アプリの設計ミスなのか、性別は「女性」しか選べないようだ。それに、他の欄を操作すると、強制的に選択が「女性」になる。最後に、アプリを閉じたり、「リセット」ボタンを押すと、情報がもとに戻る。

「こうなるとなにか試したくなるな……」

無論、僕自身の体ではない。本当に種族が変わったら、大変なことだ。それに、種族を変えるイコール僕が女になるということらしいから、ますます自分で試してはダメだ。

「うーん、何か試しやすい相手は……」

その時、窓の外を母と娘の親子連れが通った。とっさに、小学生くらいの娘の方をカメラで捉える。そして、「種族」を「エルフ」にして、「変更」ボタンを押した。

「しまった、勢いでやっちゃった……」

女の子が立ち止まり、母親はそれに気づいて声をかけている。窓の外なのであまり音は聞こえてこない。だが、女の子がだんだん小さくなっていくのが分かった。母親は腰を抜かして床に倒れ込んでしまった。その間にも、女の子は服の中に埋もれていった。

「どういうことなんだ……まさか」

年齢の欄を見ると、「8歳」となっていた。小学生の年齢としては妥当……だが、種族をエルフに変えたからか、年齢は0から500歳まで選べるようになっている。長寿の種族らしいエルフにとって、「8歳」は赤ん坊にほかならない。

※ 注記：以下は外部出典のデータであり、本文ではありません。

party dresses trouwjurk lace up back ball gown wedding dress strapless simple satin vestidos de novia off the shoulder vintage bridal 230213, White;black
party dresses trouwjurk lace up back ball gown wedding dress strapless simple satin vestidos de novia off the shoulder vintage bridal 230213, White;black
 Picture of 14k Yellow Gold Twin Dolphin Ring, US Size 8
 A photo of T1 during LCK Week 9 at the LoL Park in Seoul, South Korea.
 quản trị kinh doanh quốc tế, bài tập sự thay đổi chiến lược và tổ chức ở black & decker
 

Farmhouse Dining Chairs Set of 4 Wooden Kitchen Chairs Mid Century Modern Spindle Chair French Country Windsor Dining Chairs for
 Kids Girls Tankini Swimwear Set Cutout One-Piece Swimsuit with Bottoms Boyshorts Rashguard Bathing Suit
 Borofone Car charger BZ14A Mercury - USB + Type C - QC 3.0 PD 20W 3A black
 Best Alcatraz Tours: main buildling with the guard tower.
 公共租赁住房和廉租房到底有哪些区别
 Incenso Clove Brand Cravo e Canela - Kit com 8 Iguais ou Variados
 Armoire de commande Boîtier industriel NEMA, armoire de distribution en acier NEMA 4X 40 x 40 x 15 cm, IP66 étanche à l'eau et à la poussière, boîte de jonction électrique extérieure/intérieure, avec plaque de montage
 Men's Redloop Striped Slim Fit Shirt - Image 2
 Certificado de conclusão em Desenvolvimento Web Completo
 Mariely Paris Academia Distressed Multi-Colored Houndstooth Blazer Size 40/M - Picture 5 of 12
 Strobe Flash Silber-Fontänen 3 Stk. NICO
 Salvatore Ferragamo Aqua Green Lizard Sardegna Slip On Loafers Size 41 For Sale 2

僕は、年齢を「40歳」にあげて、もう一回変更ボタンを押した。すると、ブカブカになった服の中から、光り輝くような金髪の女の子が出てきた。すくすくと大きくなり、幼児体型だが、身長は前よりも高くなった、くらいのところで成長が止まった。

おどおどする「40歳」の娘を前に、30歳くらいであろう母親は気絶してしまっていた。僕は「リセット」ボタンで女の子を元に戻そうとした。

「あれ?」リセットボタンは、操作できなくなっていた。ただ、その他の選択項目は操作できる。僕は手動で、種族を「人間」に、年齢を「8歳」に設定して、「変更」ボタンを押した。女の子の髪は元の日本人らしい黒に、身長ももとに戻った。数分すれば意識を取り戻すだろう母親が、記憶を失っていることを願いつつ、カーテンを閉めた。

どうやら、このアプリは本物らしい。